At the time, it was estimated that almost 90% of Uganda’s petroleum imports were traverse Kenya, accounting for approximately 2.5 billion liters valued at about US$2 billion annually.    

The Minister of Energy and Mineral Development, Ruth Nankabirwa signed the supply agreements with Kanya witness by Proscovia Nabanja, the CEO of the Uganda National Oil Company (UNOC).

The Minister of Energy and Mineral Development, Ruth Nankabirwa early this year said petroleum bulk in Uganda would ensure that the products reach the market here at a cheaper price. She said logistics costs are expected to come down.

“UNOC will ensure that situations are not used to benefit those who have been in the business to the detriment of the consumers,” Nankbirwa said. 

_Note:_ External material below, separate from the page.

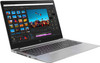 HP ZBook 15u G5 Laptop Computer Workstation 15.6" Intel Core i7 8th Generation 16GB Ram 512GB SSD Wi-Fi Windows 11 Professional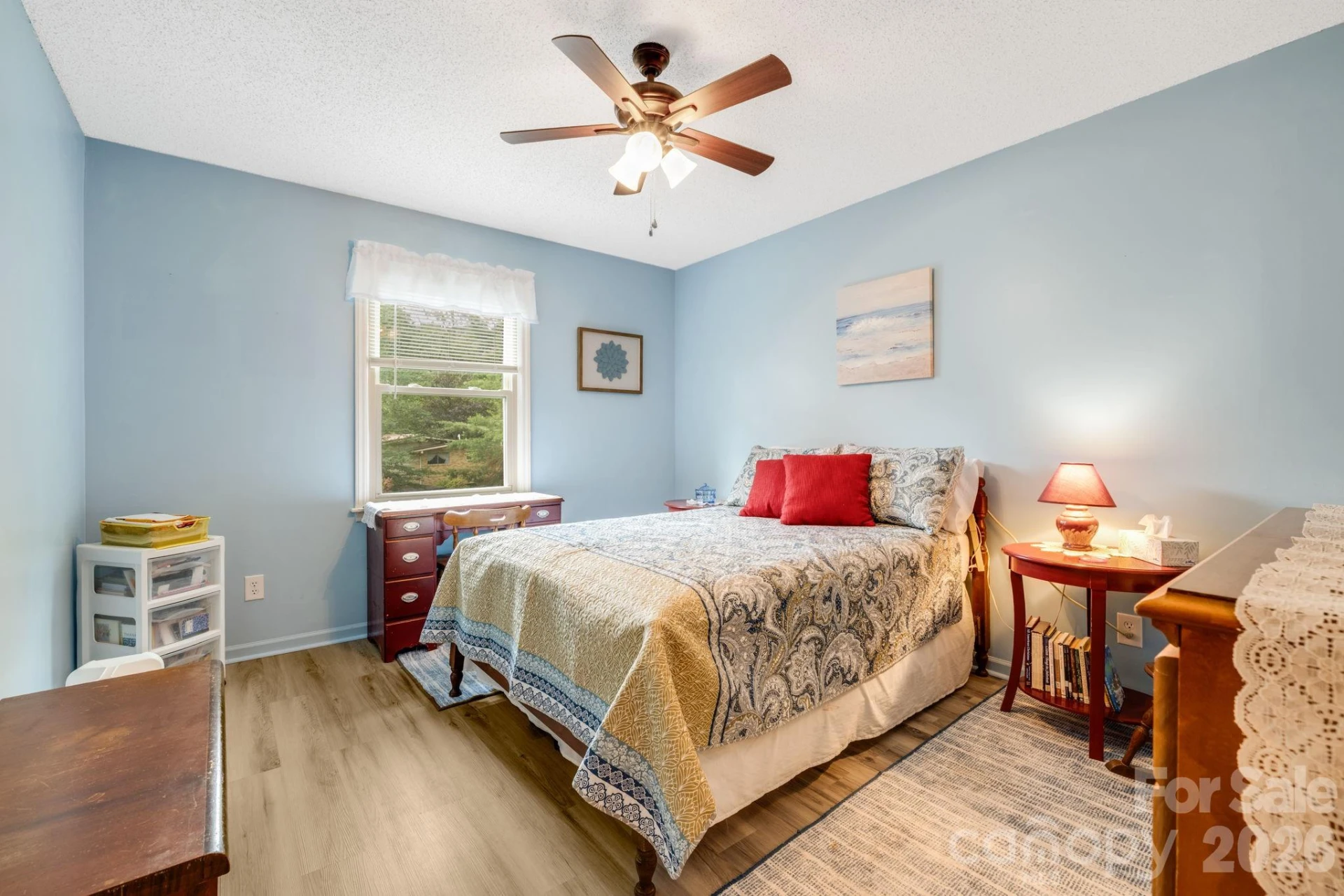 1325 4th Avenue W #C - Photo 25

Uganda National Oil Company manages the state interests across the petroleum value chain and ensures sustainable extraction and distribution of the resources.

UNOC’s involvement in the bulk trading business was launched in March 2020 as a strategic revenue stream and a proactive move to capitalize on future opportunities in Uganda’s crude oil refining industry. 

UNOC and Vitol Bahrain E.C. last year signed a five-year contract and Vitol agreed to finance the business by providing working capital. The changes followed the assent of the Petroleum Supply (Amendment) Bill, 2023, transforming it into the Petroleum Supply (Amendment) Act, 2023 by President Museveni. 

The law granted UNOC an exclusive role in importing petroleum products, which will be distributed to oil marketing companies (OMCs). 

The exclusive importation marks an evolution of the bulk trading business, initiated by the company in March 2020 as a revenue source and a strategic move in preparation for future business opportunities arising from the refining of Uganda’s crude oil.    

UNOC will import directly from an international oil company and supply to Ugandan OMCs, eliminating several intermediaries.  

UNOCC already established a branch in Kenya to facilitate collaboration with stakeholders with the Kenya Pipeline Company (KPC), responsible for transporting petroleum products from Mombasa to in-land towns like Nairobi and Eldoret, where trucks pick up the supplies.